Небо становится светлее. Дурманит запах цветов июльских. Вдалеке звон колокольни слышится прозрачный. Ночной прохлады исчезает дуновенье. Все сильнее зной. И солнце, что привыкло к страсти откровенной, сильнее освещает грех людской.
– Уильям, тебе ж понравилось меня любить?
– Конечно. Мечтал об этом я давно. Увидев впервые очертанья твоей груди, я был готов идти за нею на край света.
– Лишь грудь ты видел?
– Что еще?
– Я думала …
– Ты думала, есть в голове мужской чуть больше мысли, больше глубины высокой?
– Так непонятно говоришь ты, Уильям. Мне не понять. Все муки от того, что до тебя мужчин я лучше понимала.
– Они не грудь твою ценили, дураки?! И что-то большее за нею разглядели?
– Я понимаю, ты смеешься надо мною!
– Нет, плачу я над женскою наивностью.
– Постой, не ты ль меня так добивался? Не ты ль тащил меня в поля, покрытые ночною тьмой, прохладою и негой? Все лишь от того, что грудь увидел под девичьим ты платьем?

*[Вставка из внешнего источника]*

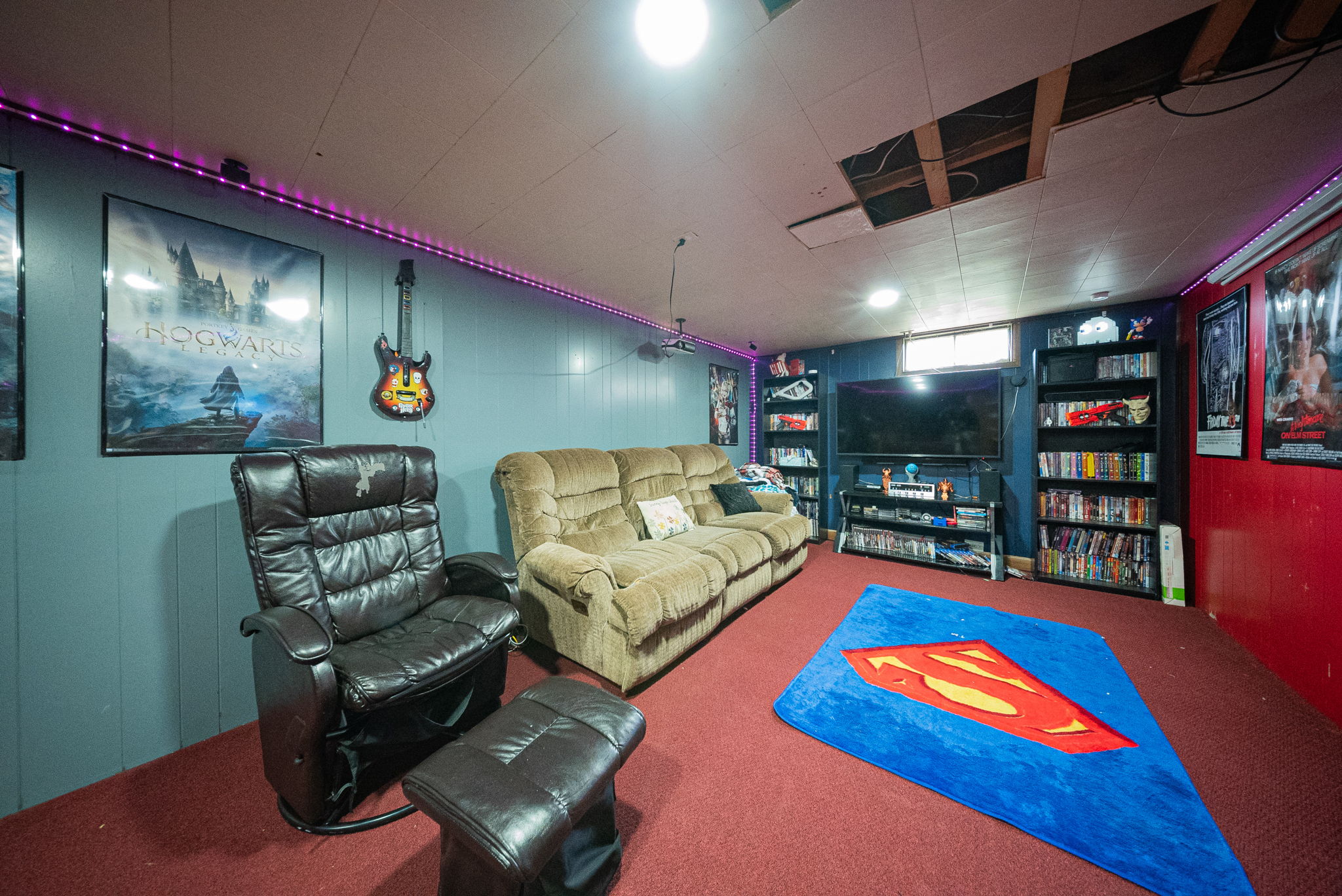 K.K. - 248 Crowley Dr, Roseville-46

– Анна! Не девица ты уже давно. Весь Стрэтфорд в курсе. Грудь при этом хуже не стала. Уверяю! А, может даже, привлекла к себе вниманье…
– Я снова не пойму речей твоих.
– Не надо. Не пытайся. Поймешь – обидишься. Не станешь встречаться под покровом темноты. Лишится месяц зрелища такого! И солнцу причин не будет встать по раннему утру. Послушай, птицы заливаются над нами…

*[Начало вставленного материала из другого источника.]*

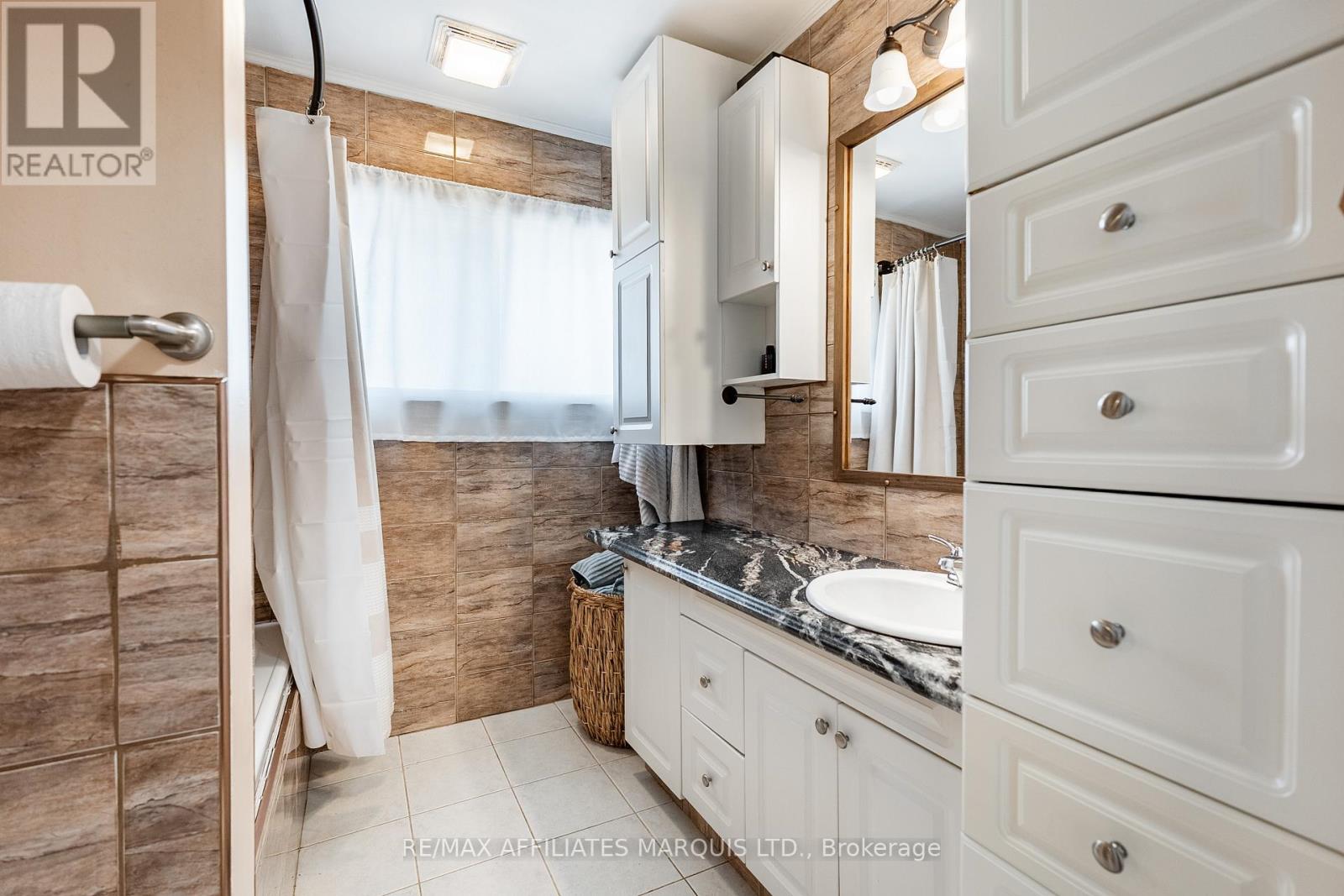 513 Joyce Street, Cornwall, Ontario  K6J 1Y1 - Photo 11 - X12934562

– По эту пору так всегда поют они…
– И пахнет лаванда сладко-горько-безвозвратно. Послушай, посмотри, вздохни!
– По эту пору пахнет так всегда лаванда. Уильям, ты пытаешься придать знакомым звукам, запахам, явленьям какой-то тайный смысл.
– Не чувствуешь его?
– Стараюсь я понять, почувствовать дыханье…

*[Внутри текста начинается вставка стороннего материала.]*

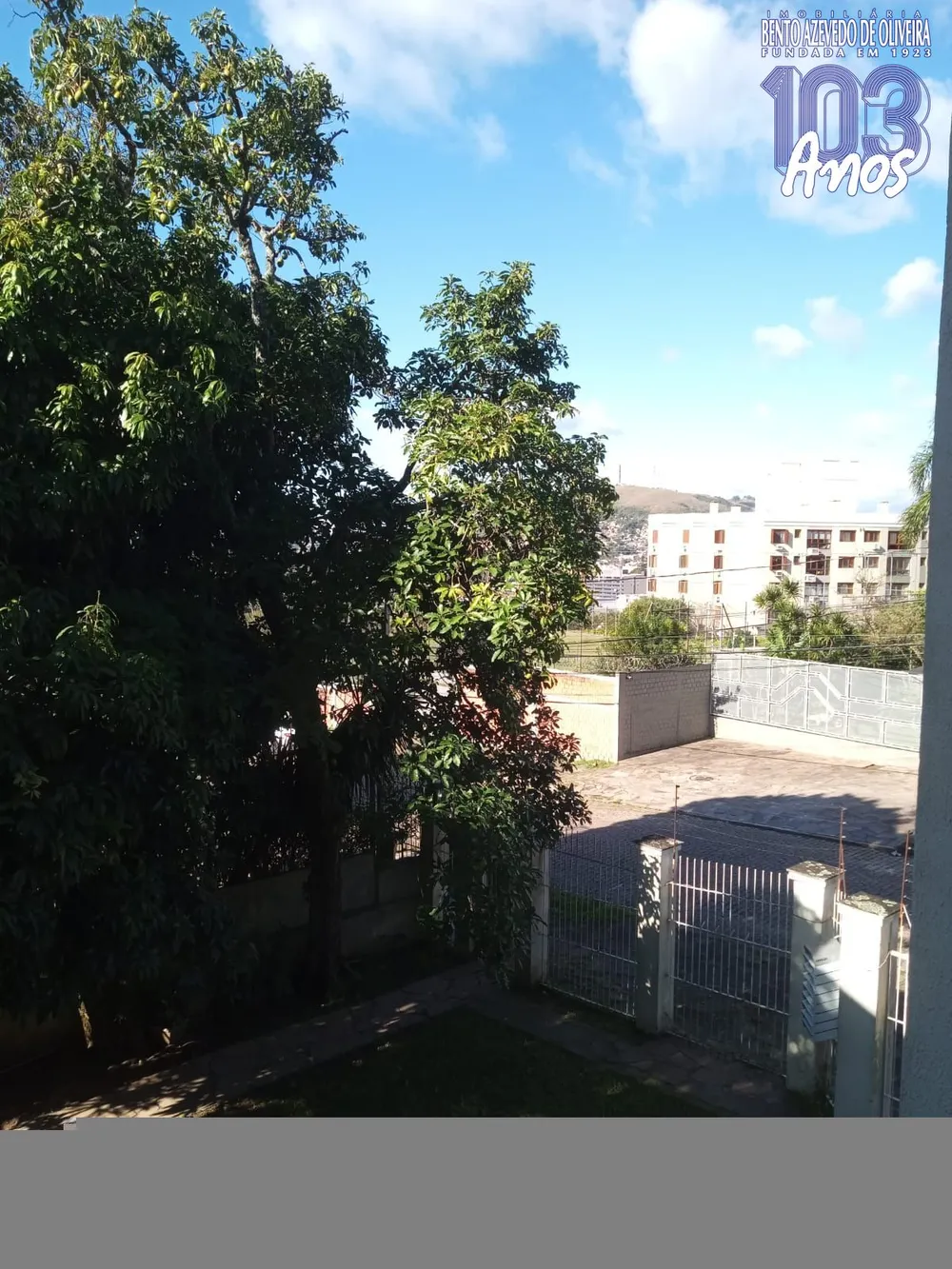 Sala-Conjunto, 46 m² - Foto 1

– Анна! Никогда не целовал я женщин совершеннее…
– Все потому, что первой я была.
– Будут лучше?
– Ты не такой как все. И вечная дорога – тебе судьба. Вернешься ли ко мне?
– Вернусь! Такую … грудь не забывают. Анна, не обижайся! Я шучу. Дороги нет другой. Другого солнца, луны другой, любви другой. В твоих объятьях я нашел сегодня смысл. Но только не мучь меня расспросами своими. Ответов у мужчины нет на женские вопросы. Лишь отговорки. Чтоб спрашивать и мучить перестала.
Джеймс аккуратно сложил листки.
«Как жаль, что она сожгла всю пьесу. Интересно, что Уильям написал о себе дальше. А впрочем, продолжение мне известно», – он выпрямился, словно стоял на сцене перед полным залом и прокричал:
– Уберите трупы.
Средь поля битвы мыслимы они,
А здесь ни к месту, как следы резни.